====== Material provided

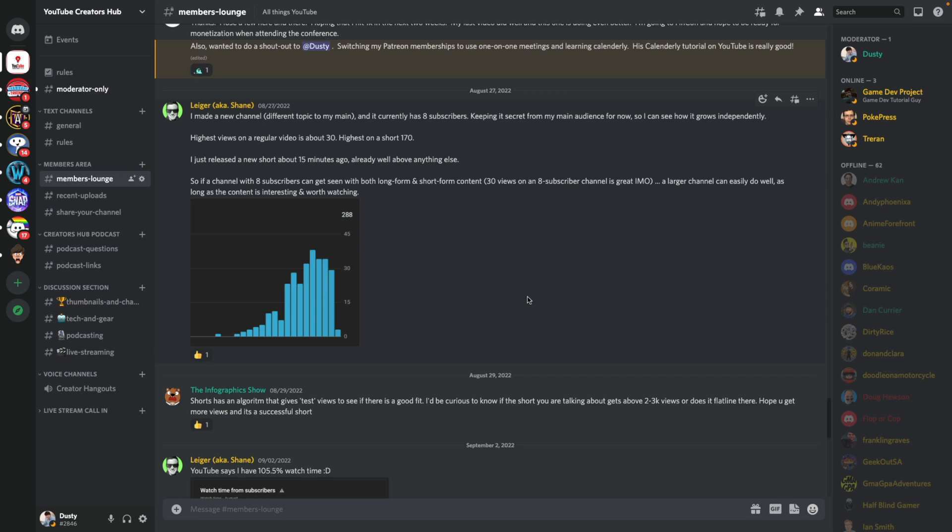Hello everyone. Welcome to another tutorial video today. I'm going to show you how to create an event on your Discord server. So here we are.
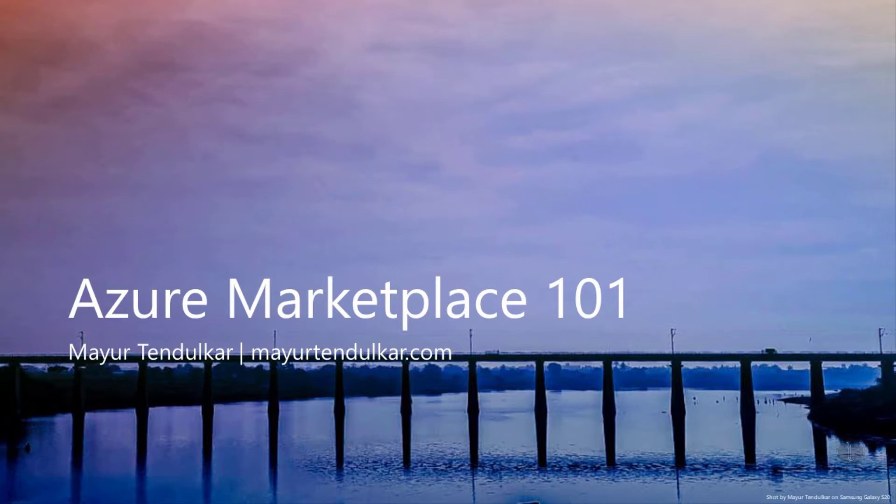Welcome to Azure Marketplace 101, a series of short videos on Azure Marketplace. The idea here is to help you understand Azure Marketplace and guide you through selling your solution on Marketplace. My name is Mayur Tendulkar and I'm a customer engineer with Microsoft India. You can reach out to me on my social media coordinates displayed on this page. So let's get started.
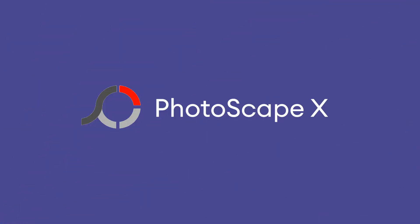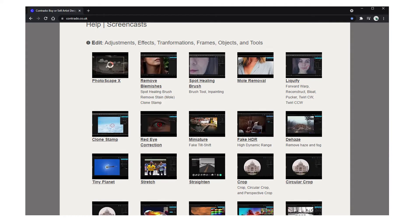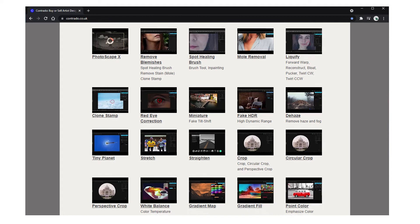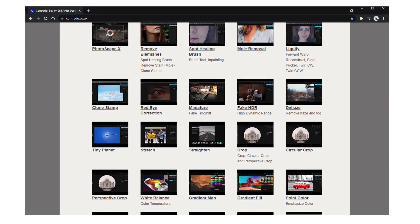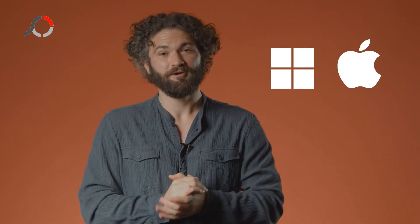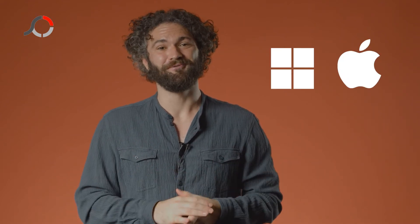Photoscape X is perfect for anyone starting out in photo editing. Batch edit multiple photos, remove backgrounds, and even create animated GIFs. Their website has a library full of tutorials, from using the clone stamp to adding fake HDR, all designed to help you improve. There's a free version for Windows and for Mac, and a paid Pro version if you find yourself wanting more.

============

▸ **Task description**
In your copy, the listing above should appear word for word, with no images.

▸ **Exercise result**
Hello everyone. Welcome to another tutorial video today. I'm going to show you how to create an event on your Discord server. So here we are.
Welcome to Azure Marketplace 101, a series of short videos on Azure Marketplace. The idea here is to help you understand Azure Marketplace and guide you through selling your solution on Marketplace. My name is Mayur Tendulkar and I'm a customer engineer with Microsoft India. You can reach out to me on my social media coordinates displayed on this page. So let's get started.
Photoscape X is perfect for anyone starting out in photo editing. Batch edit multiple photos, remove backgrounds, and even create animated GIFs. Their website has a library full of tutorials, from using the clone stamp to adding fake HDR, all designed to help you improve. There's a free version for Windows and for Mac, and a paid Pro version if you find yourself wanting more.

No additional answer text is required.